##### Given data #####
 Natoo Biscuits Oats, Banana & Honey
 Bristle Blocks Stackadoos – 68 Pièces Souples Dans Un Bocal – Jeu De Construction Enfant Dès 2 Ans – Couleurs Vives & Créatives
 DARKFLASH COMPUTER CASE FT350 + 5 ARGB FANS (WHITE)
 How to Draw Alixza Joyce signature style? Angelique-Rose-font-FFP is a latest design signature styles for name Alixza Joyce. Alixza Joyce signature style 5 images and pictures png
#####
##### Given data #####
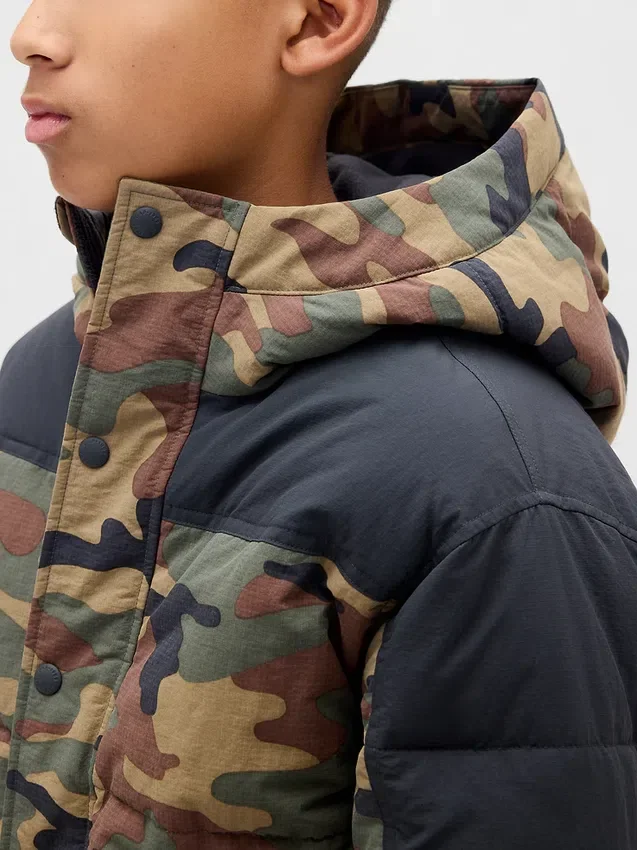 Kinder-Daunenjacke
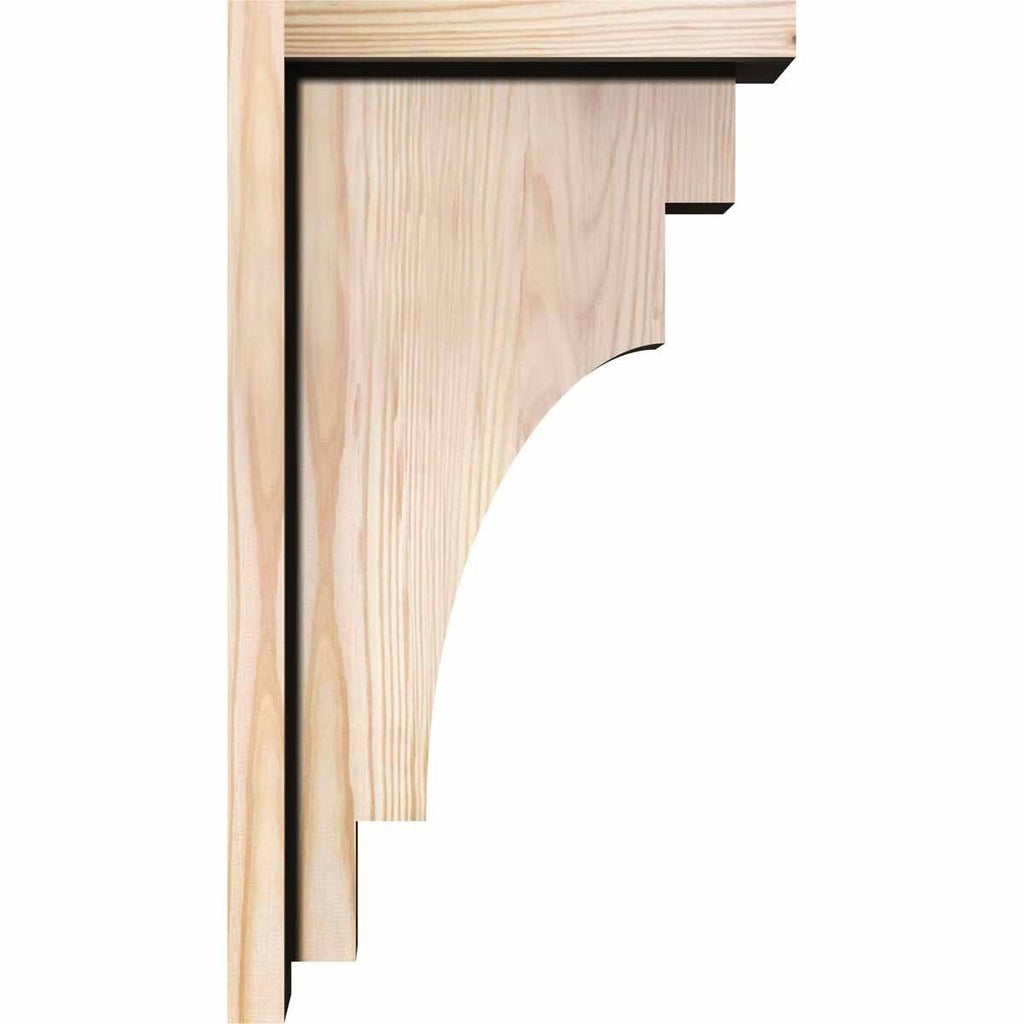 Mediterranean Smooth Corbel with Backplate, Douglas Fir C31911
#####
##### Given data #####
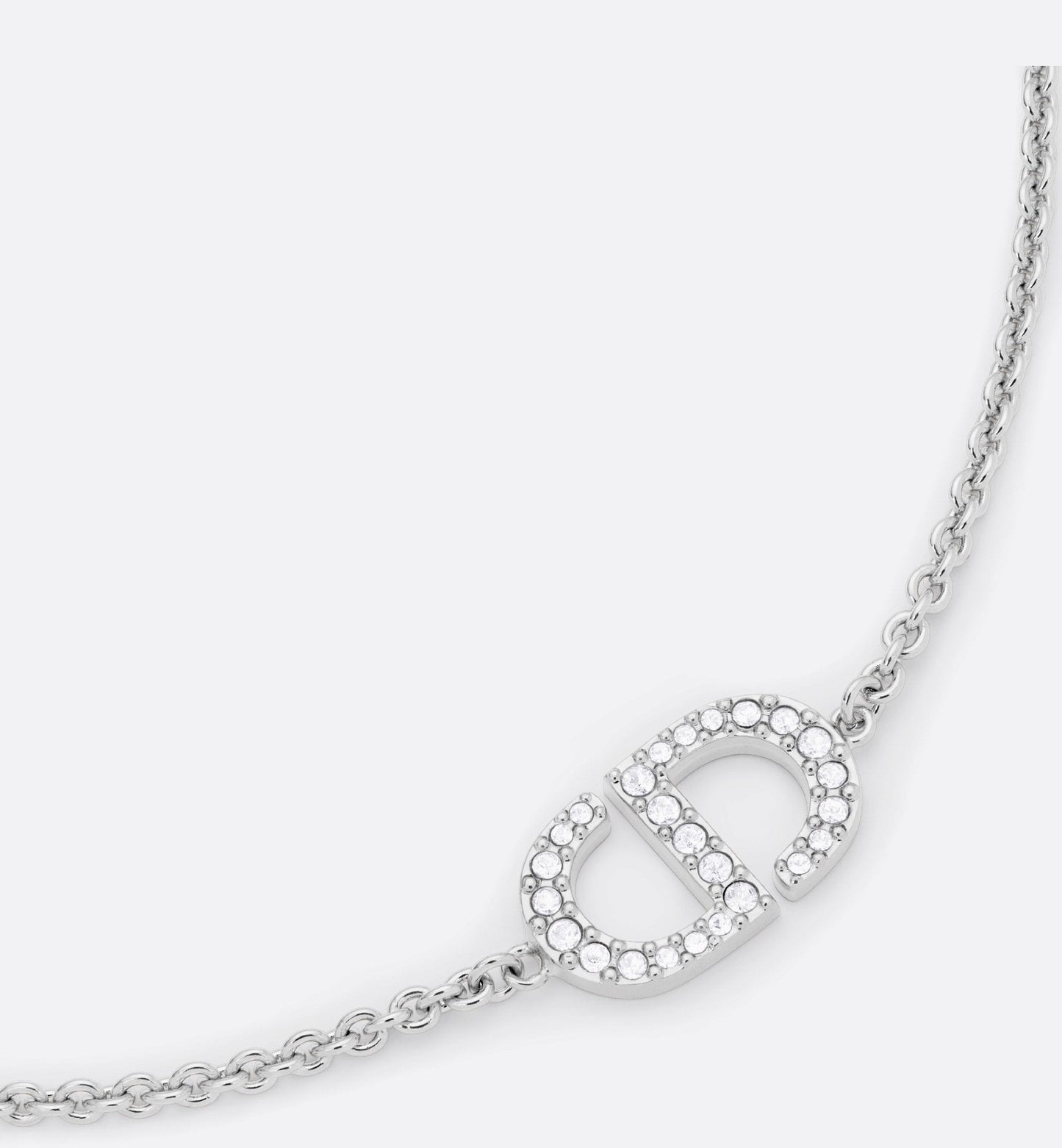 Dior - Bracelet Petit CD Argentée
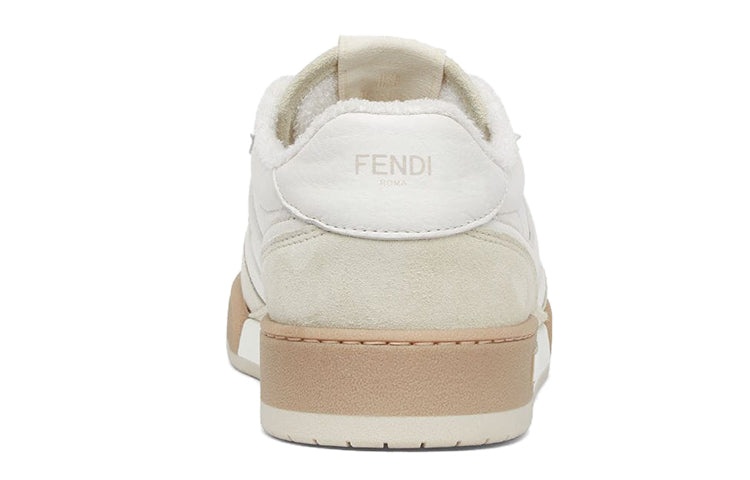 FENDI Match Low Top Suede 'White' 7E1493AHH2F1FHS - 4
#####
_Exercise objective_
Using the entries above, output exactly the lines between the line holding "Natoo Biscuits Oats, Banana & Honey" and the line holding "How to Draw", end lines included, and nothing more.

_Answer to this problem_
 Natoo Biscuits Oats, Banana & Honey
 Bristle Blocks Stackadoos – 68 Pièces Souples Dans Un Bocal – Jeu De Construction Enfant Dès 2 Ans – Couleurs Vives & Créatives
 DARKFLASH COMPUTER CASE FT350 + 5 ARGB FANS (WHITE)
 How to Draw Alixza Joyce signature style? Angelique-Rose-font-FFP is a latest design signature styles for name Alixza Joyce. Alixza Joyce signature style 5 images and pictures png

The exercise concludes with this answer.